One Reporter's Ramblings: A first that seems a little late

One of Monday’s biggest headlines on the national scene was a history-making birth.

Tammy Duckworth of Illinois became the first senator to give birth while in office, prompting enough discussion for it to be the top trending story on Facebook in the early afternoon.

There were many celebrating the event while others down-played its significance. I was fascinated how it only just happened for the first time. 

As someone born in 1983 who only became aware of politics at all in the early 1990s, I honestly couldn’t remember a time when there weren’t women in that branch of government. This prompted a dip into the history of our Senate and the women who served there.

The senate was established in 1787 with its first session on March 4, 1789. At its inception, there were 26 members.

That number grew to 96 (in 1911) before the country would see its first lady sworn in to the group.

Rebecca Latimer Felton was 87 when she was sworn-in on Oct. 3, 1922. The U.S. Senate’s website describes her single day of service as largely symbolic, capping off a life-long career in Georgia politics and journalism.

She said in her only Senate speech: “When the women of the country come in and sit with you, ... you will get ability, you will get integrity of purpose, you will get exalted patriotism, and you will get unstinted usefulness.”

It would take another nine years before the next appointment of a female senator.

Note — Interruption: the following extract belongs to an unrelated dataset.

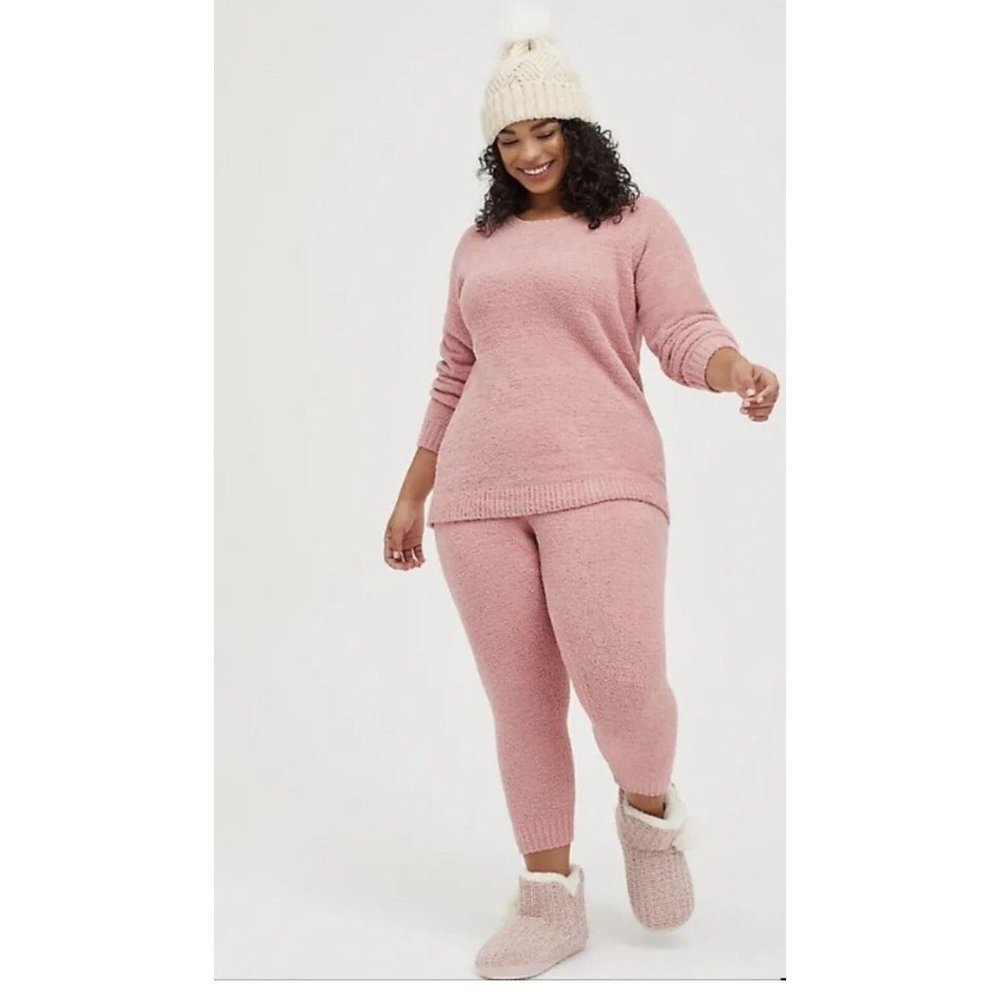 Torrid Teddy Fleece Sleep Pants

That woman was Hattie Wyatt Caraway, who took office to fulfill her husband’s term. This would be a common theme of several women senators over the next few decades. Unlike many of them, Caraway was re-elected at the end of that first term, making her the first woman elected to the senate in U.S. history. She served that position until 1945. 

She was joined by Rose MConnell Long of Louisiana, Dixie Bibb Graves of Alaska and Gladys Pyle of South Dakota that decade, but only three women, including Caraway, served the Senate in the 1940s. One, Vera Callahan Bushfield, fulfilled her late husband’s term for three months while the other, Margaret Chase Smith of Maine, served for 24 years (1949 to 1973) and became the first woman to seek a presidential bid in 1964. 

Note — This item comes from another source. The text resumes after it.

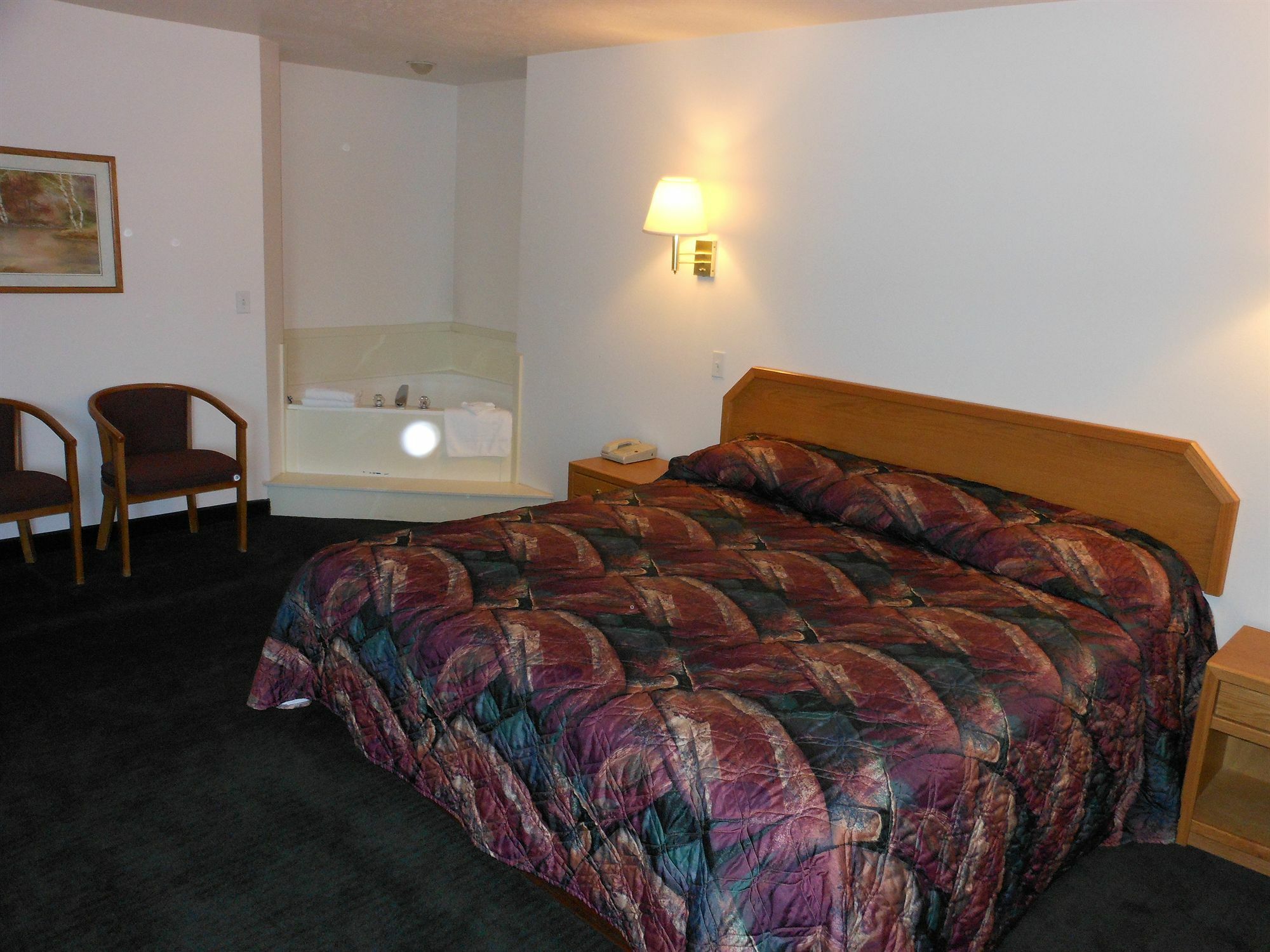 Economy Inn & Suites Nephi Buitenkant foto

At that time, only she and Maurine Brown Neuberger of Oregon were senators. It really wasn’t until 1992 when the U.S. started seeing several women serving at the same time in terms lasting more than one session.

This fact, coupled with the average age of women in the senate (Duckworth herself is 50), puts some perspective on how this event just now became broken.

I wouldn’t mind if it happened again soon as the Senate can always use some more integrity, patriotism and usefulness.